Massive tax boycotts are the means by which citizens demonstrate their power over unpopular governments and unpopular economic and administrative policies. That moment is coming, and indeed must come. Now, this Buhari administration’s plan to raise VAT raises a number of questions and possibilities. First, President Buhari has not fully accounted to Nigerians how much Nigeria is currently getting in oil revenue, or has derived in oil revenue since 2015 when he became President and the putative Minister of Oil. Nigeria’s oil revenue receipts remain opaque.
Nigerians must refuse to pay this proposed VAT until this administration opens up the books and account to Nigerians how much in actual revenue the government gets from oil, and to what actual use it is being put. Nigerians do not see any public infrastructural impact made by the Buhari administration since 2015. State governments have become practically bankrupt, but doing what? Public services are still primitive.
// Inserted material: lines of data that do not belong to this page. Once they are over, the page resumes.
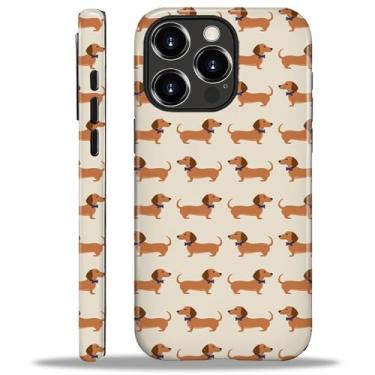 Imagem de ZHEGAILIAN Capa para iPhone 16 Pro Max, proteção contra quedas durável de silicone à prova de choque + PC rígido 2 em 1 capa protetora híbrida com design de padrão elegante - cachorro estilo vintage
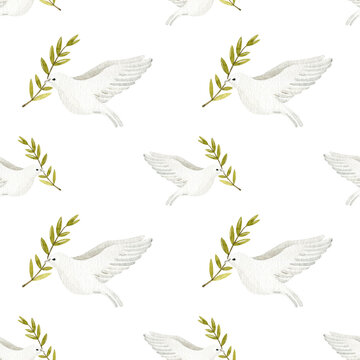 Seamless pattern with dove of peace. Watercolor illustration. Hand drawn religious element.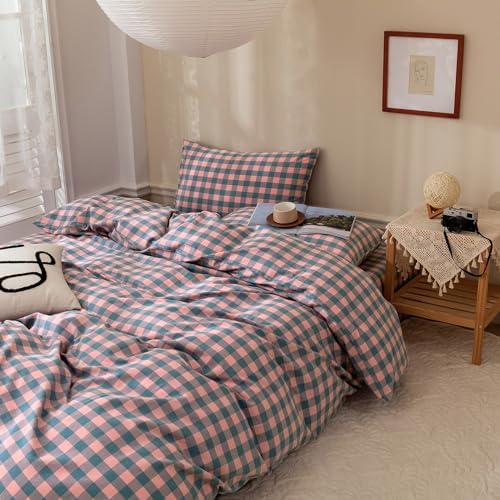 LifeTB Purple Pink Plaid Comforter Set Full Geometric Checkered Pattern by LIFETB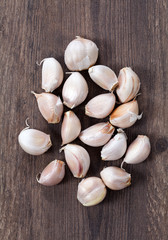 Garlic on wooden background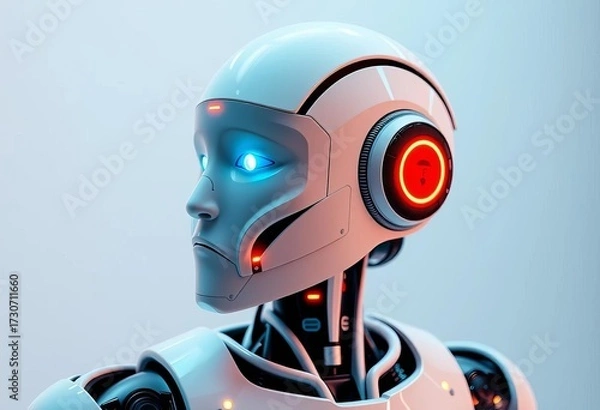 Fototapeta Sleek AI robot, advanced technology, futuristic design, empty space,  empty,  metallic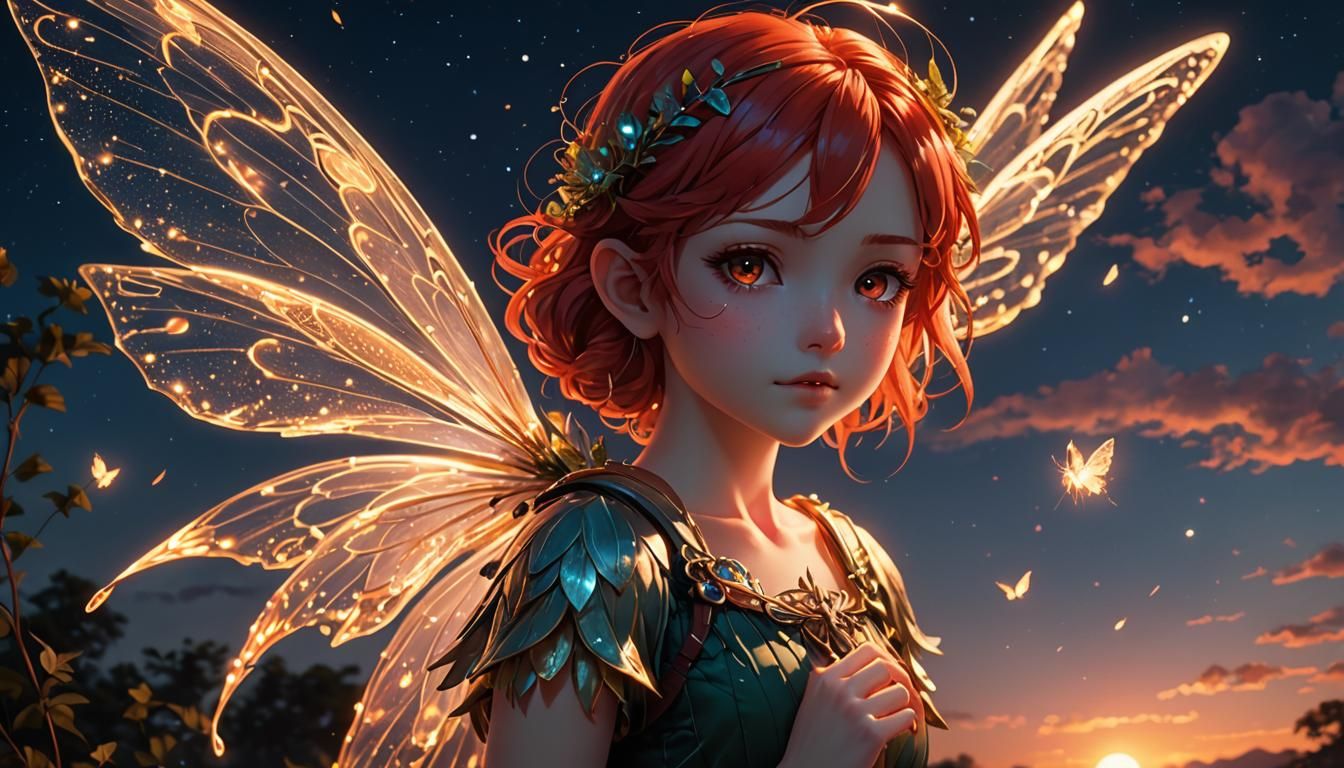 Anime Wind Fairy with Bioluminescent Red Hair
There is the black hole called “Security Votes.” What exactly do the various governors do with “Security Vote?”
Every year, the federal and state legislatures allot money for police, military, and other National Security Services. Yet the President and the State governors appropriate money illegally from the treasury, unbudgeted, unallocated, and unappropriated by the legislature to their own uses, no questions asked. Dr. Kayode Fayemi has offered a very lame defence of this very illegal and unconstitutional appropriation of state resources, claiming it is legal. It is not legal if there is no oversight by the legislature which is the only constitutional body empowered to approve any money spent by the executive, and which is constitutionally required at every legislative session to scrutinize the public account and verify that all allocations are spent as mandated by the financial laws passed each year.
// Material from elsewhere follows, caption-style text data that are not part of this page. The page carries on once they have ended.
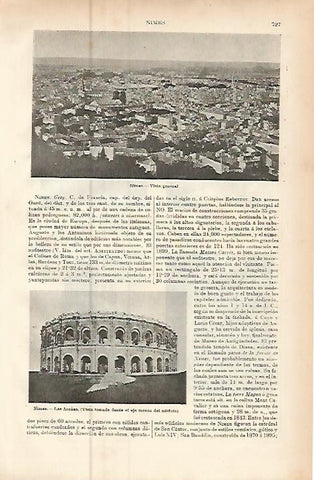 LAMINA ESPASA 9479: Vista y Las Arenas de Nimes Francia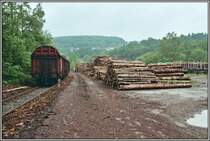 Der Holz-Umschlagplatz in L�denscheid-Br�gge am morgen des 26.05.07 Zwei Waggons warten auf die Abholung.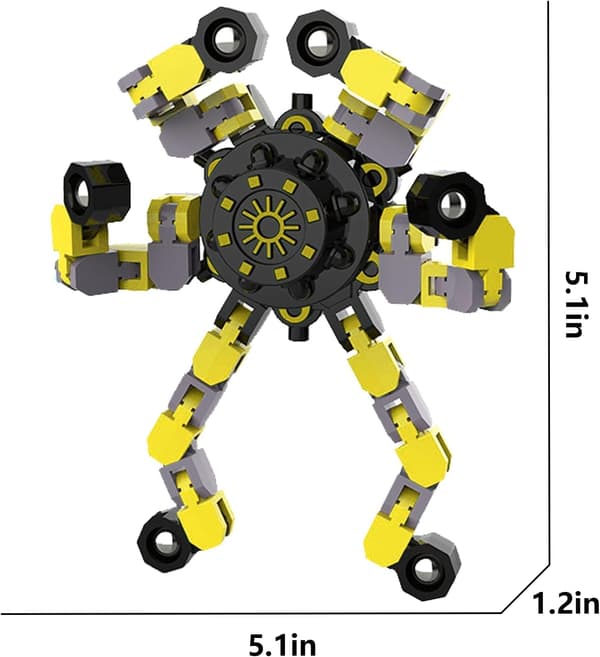 st Fidget Spinners, DIY Deformerbara Robot Fingertoppsleksaker, De
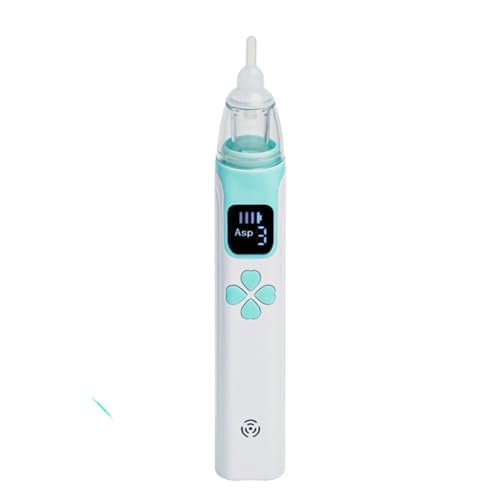Aspirador Nasal Digital com 3 Velocidades, Bicos de Silicone, Carregável, Tela LCD, Seguro para Bebês (Azul, Único)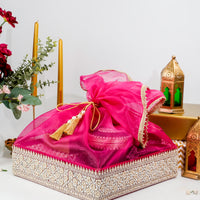 Raani Pink Mirror/Pearl Work Tissue Basket - Image 1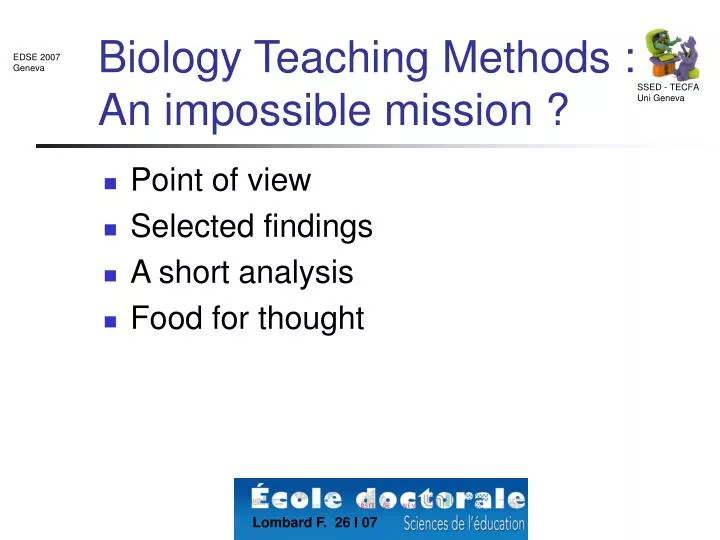 biology teaching methods an impossible mission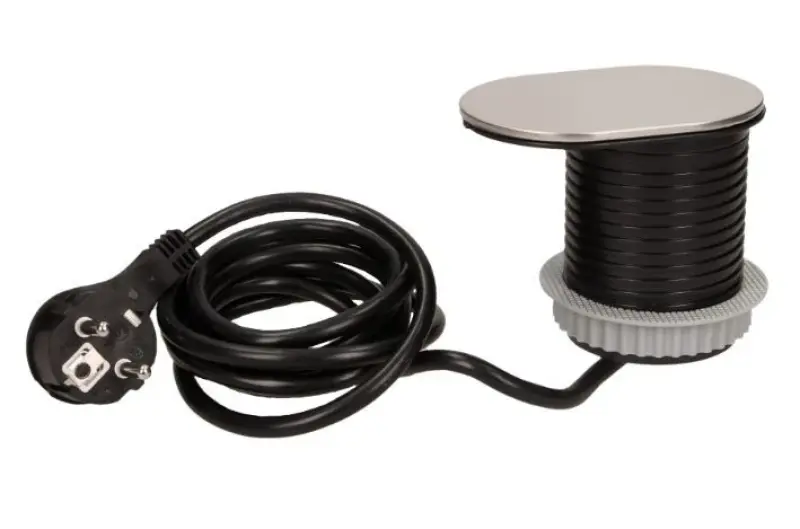 Presa da cucina incasso Indux Slide con messa a terra in piano di lavoro con USB e presa di colore acciaio inossidabile 1208957392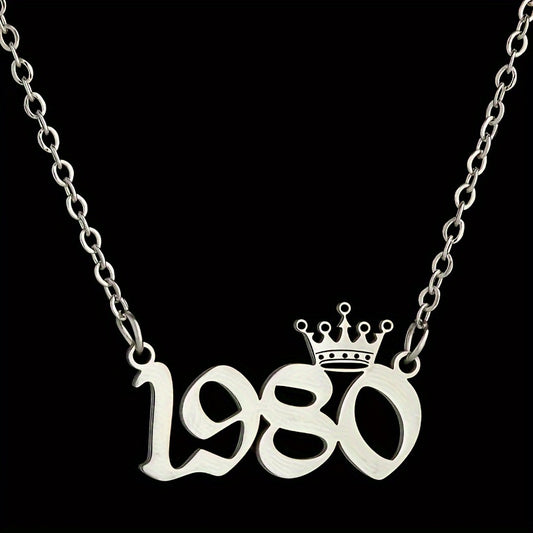 1 Elegant and Stylish Stainless Steel Polished Year Number Necklace, Unique Date Birthday Crown Pendant Necklace Gift for 1980-2024, Versatile Casual Attire Collarbone Chain Holiday Present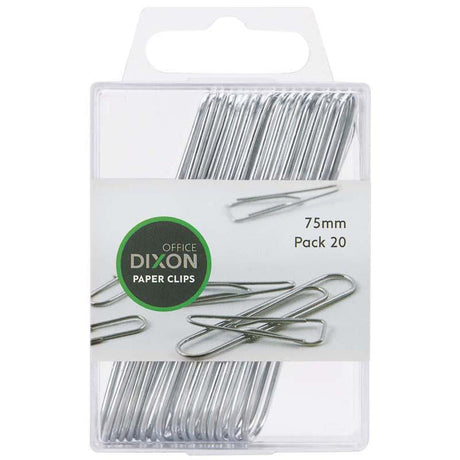 Dixon Paper Clips 75mm pack of 20, durable silver clips for organizing documents and files professionally.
It is the failure of the various parliaments that have led to the corrupt misuse and misapplication of public funds, and thus the decay of the public system. But if people ask questions about their taxes, governments will stop treating public money as if it were private money. Presidents and Governors will stop privatizing public funds without consequence.
Indeed, the public itself may rise to demand full accounting of the tax paid. And that is the problem: as the columnist Farooq Kperogi very aptly discerned it, Nigerians expect providence to order their lives perfectly without their intervention. It is called the “cargo cult” mentality. Ayi Kwei Armah explored this in in his novel, Why are We So Blest. Nigerians expect things to change, but they are not yet angry enough.
Perhaps this raise in VAT might finally bring out the beast in us. I say then to Nigerians who should be outraged by the salaries of the president, the Vice president and the Senators and Members of the various Houses, boycott all the services where you pay VAT, until this government accounts to you. Resist this attempt to make you tax slaves.